Supporting Victims Of Crime In The Justice System

07 May 2017

Victims of crime will be better protected and supported through the justice system under a suite of new measures announced by the Andrews Labor Government today.

As part of the Victorian Budget 2017/18, the Labor Government is delivering $28.5 million to boost the number of frontline staff and support services for victims, witnesses and vulnerable children.

The Government will invest $2.6 million to introduce ‘intermediaries’ – or skilled communication specialists – who will work with victims and help them to give evidence to police and in court.

The state-wide intermediary scheme will help to reduce the trauma experienced by victims, responding to recommendations from the Victorian Law Reform Commission’s (VLRC) report Victims of Crime in the Criminal Trial Process.

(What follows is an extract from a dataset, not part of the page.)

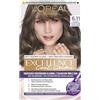 L'Oreal Paris L'Oréal Paris - L'Oréal Paris Eccellenza crema fresca 6.11 Ultra Cenere Scuro Capelli Biondi Colore - 1 Pezzo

The Budget also delivers $6 million to strengthen the role of the Victims of Crime Commissioner to better identify and investigate any systemic issues that victims experience when in contact with the justice system.

The Alannah & Madeline Foundation will receive $1 million for its successful Cubby House program which provides children a safe place to play when attending court. A full-time youth worker will be located at the existing Cubby House at the Broadmeadows Children’s Court, and the program will be expanded to the Melbourne Children’s Court.

The Budget provides $18.9 million for the Office of Public Prosecutions (OPP) to brief the best quality representation to prosecute serious criminal matters, including carjackings, home invasions, family violence and sexual offences.

The funding will also allow the OPP to recruit more social workers to support victims before and during trials, including victims of sexual assault and family violence.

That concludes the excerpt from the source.